(Collected data entries)
# # # # # # #
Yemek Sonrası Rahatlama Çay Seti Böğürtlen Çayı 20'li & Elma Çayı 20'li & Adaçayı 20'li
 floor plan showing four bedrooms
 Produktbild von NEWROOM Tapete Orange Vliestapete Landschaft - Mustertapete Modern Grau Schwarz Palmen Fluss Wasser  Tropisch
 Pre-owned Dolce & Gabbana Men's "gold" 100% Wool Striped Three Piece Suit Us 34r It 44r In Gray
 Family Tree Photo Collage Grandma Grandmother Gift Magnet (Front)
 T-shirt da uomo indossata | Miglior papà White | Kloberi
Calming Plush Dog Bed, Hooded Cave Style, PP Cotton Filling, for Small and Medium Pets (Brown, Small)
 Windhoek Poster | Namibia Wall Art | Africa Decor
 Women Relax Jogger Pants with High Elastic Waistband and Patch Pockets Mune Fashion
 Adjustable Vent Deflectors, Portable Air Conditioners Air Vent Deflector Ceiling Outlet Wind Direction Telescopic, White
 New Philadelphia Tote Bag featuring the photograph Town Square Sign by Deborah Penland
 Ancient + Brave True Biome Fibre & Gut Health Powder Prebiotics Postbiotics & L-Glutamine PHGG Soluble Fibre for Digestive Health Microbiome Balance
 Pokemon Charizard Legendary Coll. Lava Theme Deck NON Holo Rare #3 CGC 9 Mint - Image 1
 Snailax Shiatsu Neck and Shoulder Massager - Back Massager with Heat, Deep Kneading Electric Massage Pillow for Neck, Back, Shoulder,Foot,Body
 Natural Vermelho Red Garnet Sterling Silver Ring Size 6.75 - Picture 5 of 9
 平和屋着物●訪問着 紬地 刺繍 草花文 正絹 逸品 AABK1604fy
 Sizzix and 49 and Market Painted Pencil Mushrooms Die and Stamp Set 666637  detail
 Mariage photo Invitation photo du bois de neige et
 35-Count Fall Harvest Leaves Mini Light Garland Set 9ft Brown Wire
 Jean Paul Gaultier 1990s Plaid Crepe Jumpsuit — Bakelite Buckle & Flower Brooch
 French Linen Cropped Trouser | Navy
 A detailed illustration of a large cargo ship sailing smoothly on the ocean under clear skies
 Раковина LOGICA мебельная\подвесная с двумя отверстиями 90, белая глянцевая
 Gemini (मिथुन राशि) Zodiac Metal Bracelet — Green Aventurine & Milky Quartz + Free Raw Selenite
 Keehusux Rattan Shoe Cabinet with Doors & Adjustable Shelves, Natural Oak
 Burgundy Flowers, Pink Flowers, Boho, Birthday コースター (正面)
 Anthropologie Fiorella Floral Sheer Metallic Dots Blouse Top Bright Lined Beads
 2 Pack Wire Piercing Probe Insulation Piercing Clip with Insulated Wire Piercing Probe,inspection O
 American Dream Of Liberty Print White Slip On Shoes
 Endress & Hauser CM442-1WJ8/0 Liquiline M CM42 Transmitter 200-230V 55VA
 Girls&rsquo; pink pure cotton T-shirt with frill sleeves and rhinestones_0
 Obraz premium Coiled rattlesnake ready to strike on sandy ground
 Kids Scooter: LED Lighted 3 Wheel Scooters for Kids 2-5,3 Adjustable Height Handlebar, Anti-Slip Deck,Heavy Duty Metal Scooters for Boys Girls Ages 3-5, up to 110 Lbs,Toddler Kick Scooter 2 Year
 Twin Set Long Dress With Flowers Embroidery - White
# # # # # # #
TASK INSTRUCTIONS ::
List the lines of the entries that include "Adjustable".

OUTPUT BELOW ::
 Adjustable Vent Deflectors, Portable Air Conditioners Air Vent Deflector Ceiling Outlet Wind Direction Telescopic, White
 Keehusux Rattan Shoe Cabinet with Doors & Adjustable Shelves, Natural Oak
 Kids Scooter: LED Lighted 3 Wheel Scooters for Kids 2-5,3 Adjustable Height Handlebar, Anti-Slip Deck,Heavy Duty Metal Scooters for Boys Girls Ages 3-5, up to 110 Lbs,Toddler Kick Scooter 2 Year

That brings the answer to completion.